The authority said it had already saved £20 million in the last four years to “bridge the financial gap” caused by government funding cuts.
A Gwynedd Council spokesman said: “Despite the fact that Gwynedd Council’s firm focus on financial planning has been recognised on the national level by the Wales Audit Office, further even more draconian cuts in the funding the Council receives from central government to pay for local services mean that the authority faces an additional shortfall of around £50 million between now and 2017/18.”
The spokesman said the council had avoided service cuts by reducing the number of chief officers, improving procurement procedures and making public buildings more energy efficient.
The cabinet on April 1 will discuss a report on the authority’s financial situation, which will recommend up £21.8 million to be achieved by “finding more efficient ways of working and managing the demand for local services.”
Cllr Preredur Jenkins, Gwynedd Council’s resources cabinet member, said: “By planning for the long run, we have so far been able to hold off from making the more knee-jerk service cuts that many other councils are now having to deliver.

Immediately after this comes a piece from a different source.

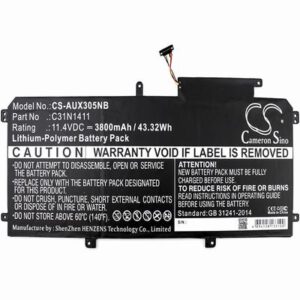 Asus U305CA6Y30 Notebook Laptop Battery 11.4V 3800mAh Li-Poly AUX305NB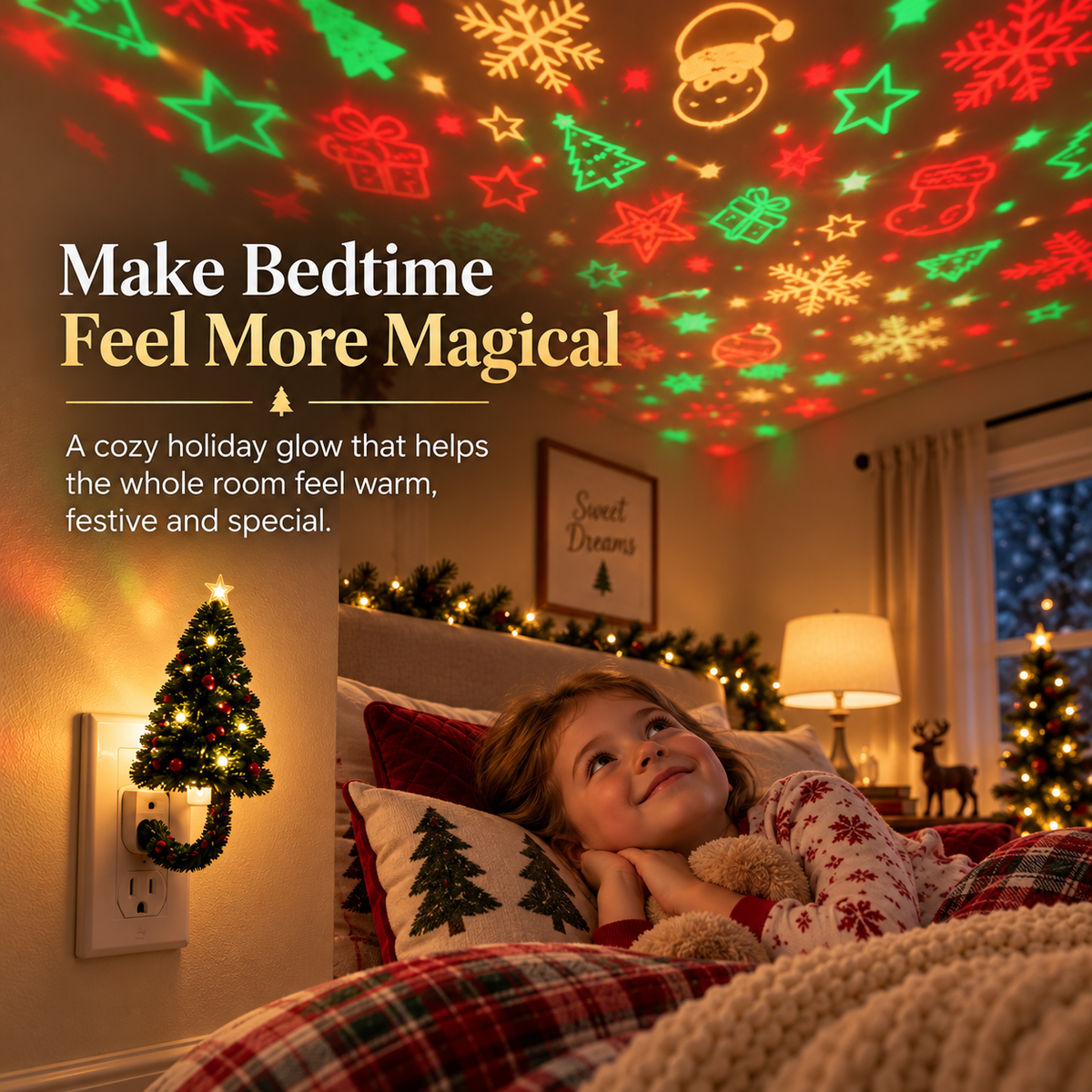 🎄💡Christmas Tree Projector Night Light — Plug-In Ceiling Décor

“The scale of the task ahead – bridging a £50 million funding gap - means that we must be realistic and recognise that efficiency savings alone will not be enough and that some service cuts and further Council Tax increases will also be necessary.”
Gwynedd Council already has projects in place to deliver an additional £6.5 million of savings between now and 2017/18. If the report is adopted, further potential savings which will be considered in detail by a scrutiny working group.
A finalised list of proposals will then be presented to the cabinet for a final decision, which is expected by early autumn.